Project-Based Learning Week: Build a Brain
Posted 06/01/2015 11:15AM

During the 2015 edition of the Lower School’s Project-Based Learning (PBL) Week, a number of fifth graders had the opportunity to take a field trip to Yale, where they met with neuroscientists and conducted brain experiments. “Students learned about how the brain works—what parts of the brain are in charge of behavior, movement, and emotions—as well as how the brain learns and how the brain interacts with other body systems,” says Richard Layne, one of the fifth-grade co-teachers who led the PBL workshop.
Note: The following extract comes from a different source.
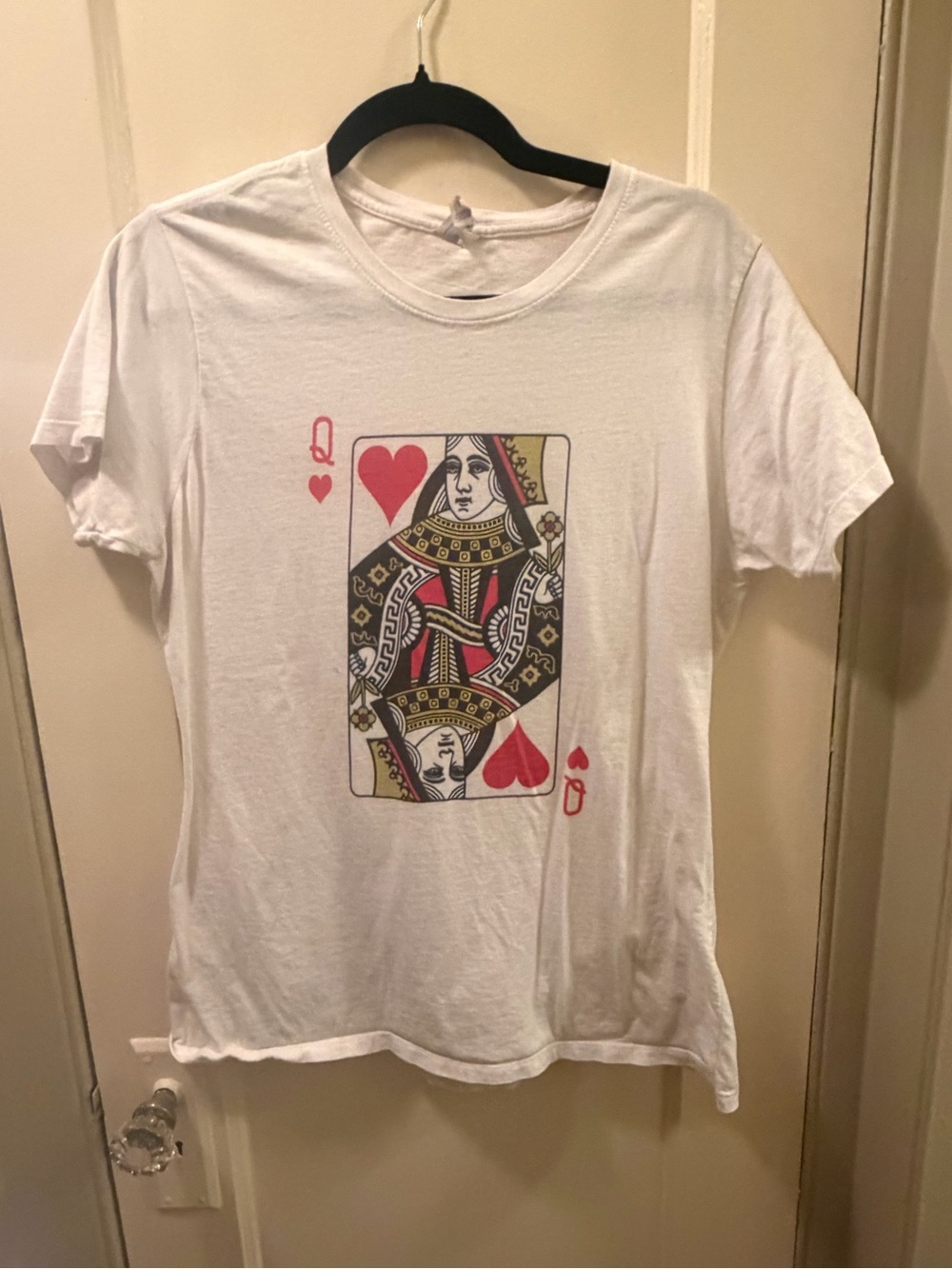 Queens of hearts Tee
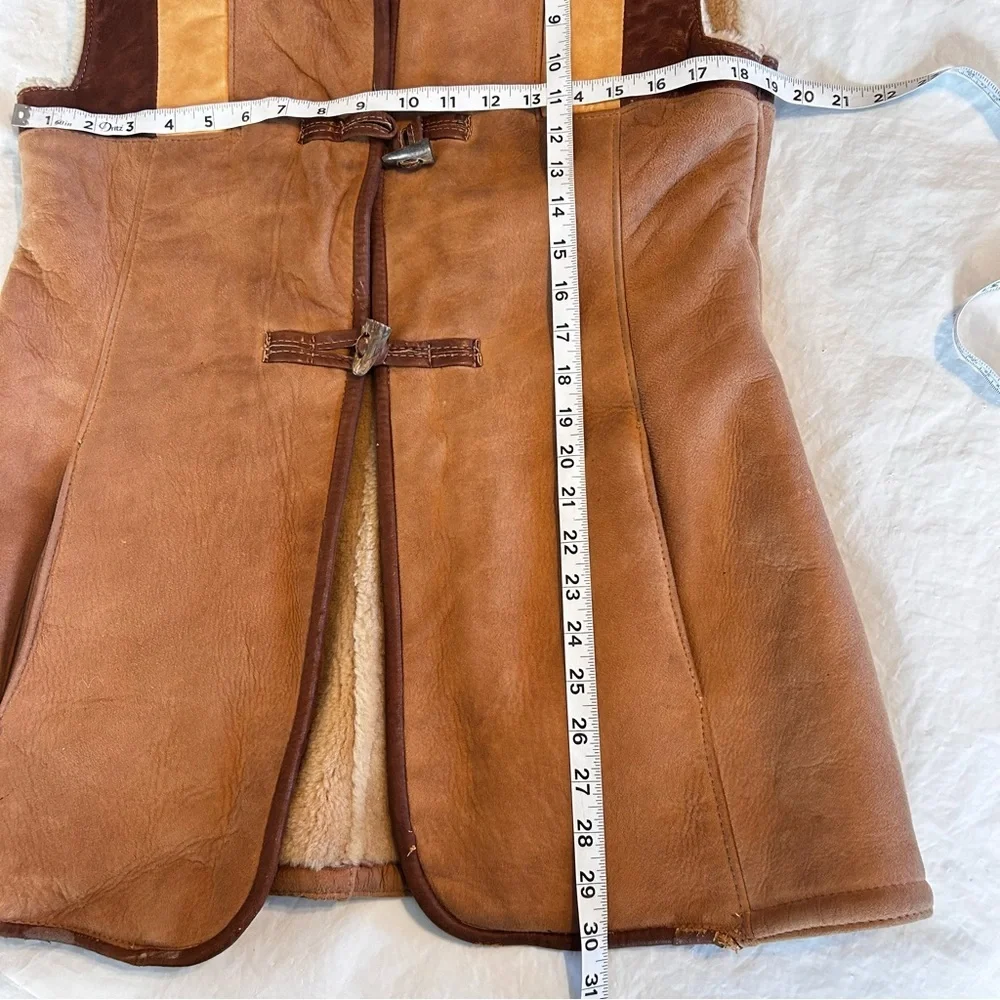 RARE Vintage Abercrombie & Fitch 70/80s Lambskin Suede Vest Tan and Brown 12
The students started the day learning about cutting-edge research with an impassioned Ph.D. student. Single neuron studies investigate the causes and effects of a single neuron firing. Those firings tell researchers how a butterfly navigates its environment, for example, or which specific neurons fire (and in what sequence) as a rat with electrodes in its brain makes its way through a maze. The group watched a video of a monkey controlling a robot arm by using only its mind. Researchers have learned from that, and single neuron studies have led to a new science of prosthetic limbs, as people are learning to control artificial hands with their brains.

“The students ate this up.,” Layne adds. “They asked a slew of questions, from ‘where are the monkeys and can we see them?’ to the more sophisticated ‘how do you know how to pick the right neuron to study’ and ‘how do you study the neurons that aren’t firing - how do you know what they are doing?’ The Ph.D. student’s jaw dropped at those last two questions, because, as she told the group, those are exactly the issues researchers wrestle with.”

For Layne and Meg Krause, another fifth-grade co-teacher, the highlight of the day was a show-and-tell session with neuroscientists. “One of our students presented a robot simulation of neurons in the amygdala. She explained that the robots were in danger from a fire, that the robots would cry out in distress, and that one robot would rescue the other, and both would sigh in relief. Danger, she explained, causes neurons in the amygdala to fire - the flight or fight reaction we all know. One professor, shaking his head in wonder, said, ‘When I was her age, I had no idea of robots, or coding, or that there was a thing called the amygdala.’”

Another student presented a computer game that simulated an electrical charge jumping across a synapse. He had connected computer code to an interface device called Makey Makey, and connected that to an illustration of the brain done with heavy pencil lead (which conducts electricity). He explained the technology he used, how he wrote the code, and what the game illuminated. A professor said, “I could use you in my lab this summer, if you’re available. We’re working on a similar problem.” (He was serious, but admitted that you have to be 18 to work in a Yale lab.)

Another professor said, “Every year our graduate students have to present to us their research, and they have to explain what they are working on and why they are working on it. You did as well as any of them - you were prepared, and cogent, and you understood your work.”

After their field trip, the students took what they learned and created a more sophisticated brain model by incorporating new information into the design process. “We used the design thinking process, where the students are in charge of solving a problem, to determine the best way to construct a giant brain that moves,” says Krause.  The giant brain was constructed in sections so that it could be easily transported to the Hill Campus for the first annual Lindy 500 Kinetic Sculpture Race. After the race, the brain returned to the River Campus, where it is being displayed in the 5KL classroom as a teaching tool.

PBL Week was launched three years ago as an opportunity for all students and faculty to “take a break from the regular schedule to participate in a variety of weeklong academic activities. Some of the goals of this week are for students to experience learning beyond the boundaries of the school; apply knowledge effectively in a variety of contexts; engage in higher level reasoning skills; and have an opportunity to see the interconnectedness of things they may otherwise learn through more isolated skills instruction,” says Edwin P. Gordon, Head of Lower School.